Despite having meager numbers as a rusher, Bush's 199 receptions are the most of any player in NFL history during their first three seasons, and his 88 receptions as a rookie established a new NFL record for rookie running backs. In addition, Bush has four punt return touchdowns in his career, including his league-leading three punt return touchdowns this year.

People can continue to criticize his game if they so choose, but they should be very careful about using the bust label.

Clinton Portis' return to top running back status may be due to Jim Zorn shifting the Redskins' running game to a left-handed approach. Zorn, who witnessed three-time Pro Bowl running back Shaun Alexander rack up monstrous rushing totals in Seattle behind fellow Pro Bowlers Walter Jones and Steve Hutchinson, has designed the Redskins' rushing attack to run primarily behind Pro Bowl left tackle ChrisSamuels and left guard Pete Kendall with outstanding success.

Portis has topped the 100-yard mark in three of the Redskins' first five games, and his 4.5 yards per carry average is his best since arriving in Washington. In addition, Portis has broken off four runs over 20 yards this season, and is on pace to surpass his Redskins' single-season high of eight, set in 2005.

In studying the 'Skins' four-game winning streak, I noticed that each of their pressure situation runs have started on the left side, including the game-clinching fourth-and-one draw play that sealed the victory over the Eagles. Obviously, Samuels and Kendall excel at moving defenders off the ball. Their ability to create a push along the line provides Portis with enough room to pick up the necessary yardage, but there's another reason the left is advantageous for the 'Skins. It's that most defenses place their best pass rusher at right defensive end, and few pass rushers are equally adept at stopping the run.

The philosophical change has helped the 'Skins field the league's fifth-best rushing attack, and the synergy between Portis and the left side of the line has helped the team reel off four consecutive wins.

Of all of the young receivers making their case to be the next great one, Greg Jennings is creating the most buzz. The third-year pro leads the league in receiving yards (569) and ranks seventh in receptions (29). He already has four receptions over 40 yards and has supplanted Donald Driver as the top receiver in the Packers' lineup.

"He is an outstanding player," said an AFC personnel director. "He has a great skill set, and is in the ideal offense to put up big numbers."

Jennings, the Packers' second-round pick in 2006, cracked the lineup early in his rookie season and began establishing himself as one of the league's top big-play receivers. After a solid rookie season, Jennings finished 2007 with 12 touchdowns, including six over 40 yards, and sported an impressive 17.4 yards-per-catch average. While it would be easy to classify Jennings as solely a deep threat, that would overlook his skills as an all-around receiver.

"He is very good," said an NFC personnel director."He has good hands, and is an excellent runner after the catch. Plus, he has the toughness that is necessary in that offense."

Another NFC scout added, "The kid can really run, and is a good vertical route runner."

Jennings has been nothing short of sensational this season, topping the 100-yard receiving mark in three of the team's five games.

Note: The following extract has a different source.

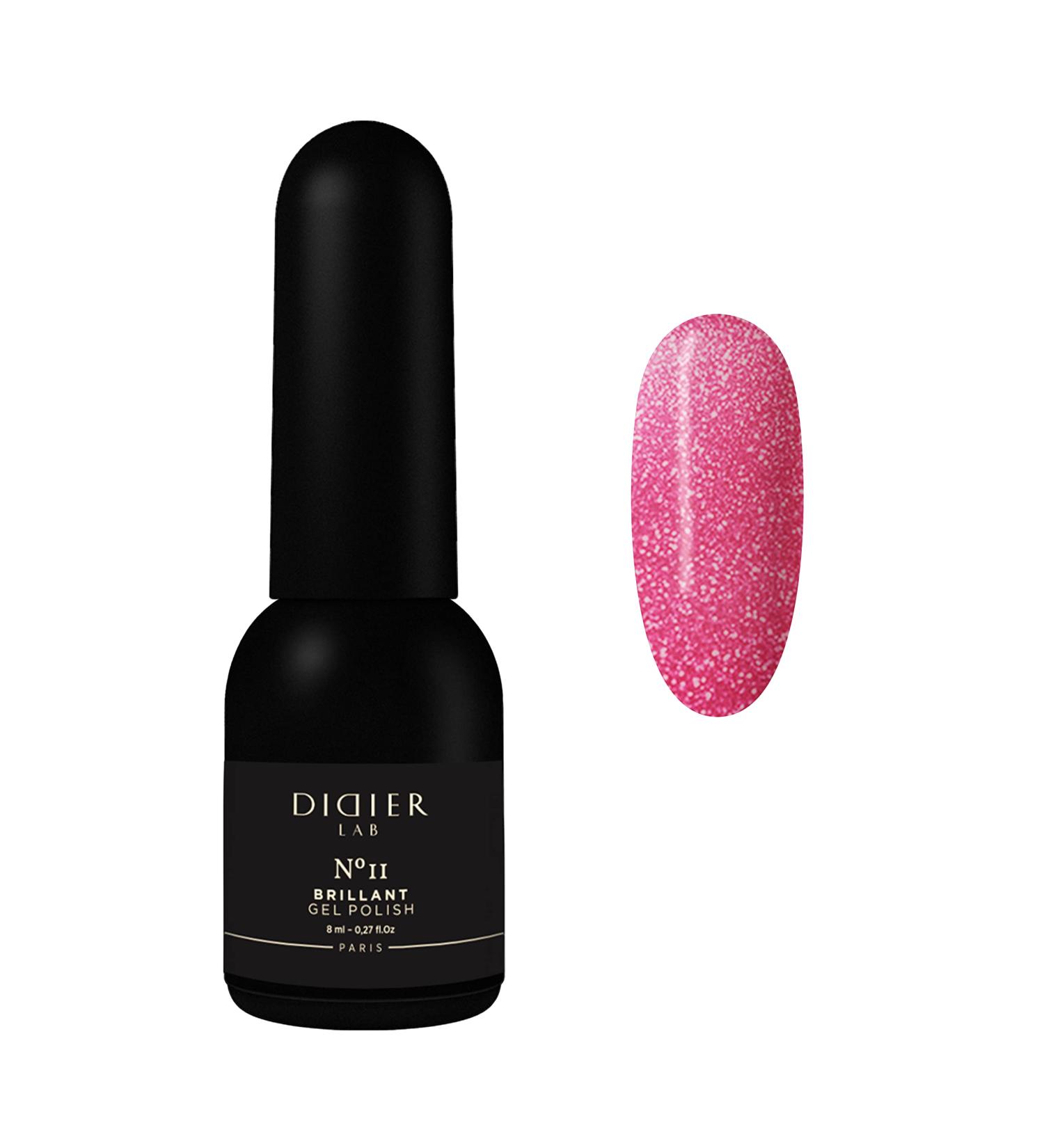 Didier Lab - Premium UV Gel Nail Polish - Brillant No. 11 - Gel Nail Varnish - Nail Art - Long-Lasting High Gloss Wear - Pink Gel Nail Polish - Gel Nails - Glitter Gel Nail Polish - Rich Pigment - Buy Online on SooperMarket.com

He has developed into first-year starter Aaron Rodgers' favorite target, and his ability to run after the catch gives the Packers' offense an added dimension. With team heading into a tough stretch in its schedule (games against the Seahawks, Colts, Titans, Vikings and Bears), the Packers will need Jennings to continue his torrid pace as they fight for a postseason berth.

As a "great" receiver, Jennings should be able to carry his team to higher heights, and this five-game stretch will him give him ample opportunity to prove it.